Craig Stacey sees today how creative marketers are more and more boxed in by too much data and not enough worthwhile risk taking. Today, marketers are struggling to stir emotions, make human connections and move people to action. They are seeking an algorithm to tell them what inspires consumers or how best to earn their loyalty. They are almost relying exclusively on perfect data versus blending art with science.
In many ways, Stacey is hoping more and more marketers will rediscover how to blend art with science to develop breakthrough ideas in today’s data rich world.
“We’re so heavy with data, I think we’ve lost sight of the creative process, lost some of the art on campaign development, lost being able to tell a memorable story,” he says.

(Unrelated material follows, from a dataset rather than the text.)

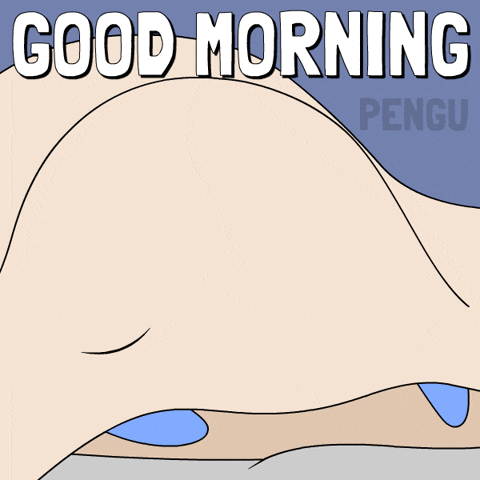 Sleepy Good Morning GIF by Pudgy Penguins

In Stacey’s view, modern marketers’ creativity has been blunted by drawn-out, data-driven decision making. Marketing today relies on analytics sifting through mountains of data in order to spit out the safest solutions. Since everyone basically does the same thing, the digital world has become rife with boring marketing messages and automated responses indistinguishable from others.

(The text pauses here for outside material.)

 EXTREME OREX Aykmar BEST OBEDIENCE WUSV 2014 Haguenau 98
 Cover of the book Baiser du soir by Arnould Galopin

All of this has turned marketing into a kind of echo chamber resulting in mass consumers ignoring, deleting and, finally, unsubscribing or blocking content.

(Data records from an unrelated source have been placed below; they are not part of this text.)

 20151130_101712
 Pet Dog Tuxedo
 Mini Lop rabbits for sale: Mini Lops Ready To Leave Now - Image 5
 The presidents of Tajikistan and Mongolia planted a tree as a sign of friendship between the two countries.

“The biggest challenge is in the message,” Stacey says. “You have to do something that’s unique to your brand and meaningful for the customer. It has to deliver value and be memorable.”
Marketing’s Three Act Play
But how do you go about it? For starters, marketers need to see their brand’s value proposition through the eyes of the customer. The value prop has to be well thought out and understood at every stage of the customer journey. Sounds simple enough, but many brands get off track.
Secondly, the content marketing strategy must support the value prop and be able to answer a few hard questions, particularly concerning content distribution channels, Stacey says. Here are some of them:
“Part of the footprint is having a scorecard that’s financially grounded,” Stacey says. “You should be able to have a conversation on outcomes with the chief financial officer just as easily as someone on your marketing team.”
The third act calls for having a well-defined nurturing map. It’s paramount for marketers to know what’s next in the customer journey and then follow through on each step of the way. If you don’t have this level of organization, Stacey says, then you’re not going to be happy with the results. Potential customers will be confused.
“It’s easy to generate leads but hard to generate leads that connect all those pieces and become quality leads,” Stacey says.
Despite Stacey’s emphasis on memorable messaging, he does have a working understanding of data integrity and compliance. He even prioritizes setting up the right data processes wherever he goes. It’s not the most exciting part of marketing, he admits, but you have to get it right.
“A single data breach or mismanagement of data can cause a crisis communication issue and hurt your brand’s reputation,” Stacey says.
Help Wanted: Risk Takers
None of this matters, of course, if the marketing message falls flat in the first place. Data-driven marketing often dumbs down messages to common denominators — or, at least, safe bets. The thinking goes, every action or decision needs supporting data points.
But Stacey feels it’s more important than ever for marketers to take risks without the safety net of full proof supporting data. It just takes too long and you can miss a great opportunity
Case-in-point: The Dove campaign for Real Beauty. This famous campaign celebrates the natural beauty of women of various ages, sizes, ethnicities and styles. The campaign’s pictures of real women have absolutely no digital distortion.
At the time of its worldwide launch in 2004, many beauty brands were marketing with model-thin women, which made Dove’s decision a risky, or at least, an unproven one.
“Dove brought its campaign to life in different ways over various channels, but it was hard to do,” Stacey says. “It took risk and a compelling story.”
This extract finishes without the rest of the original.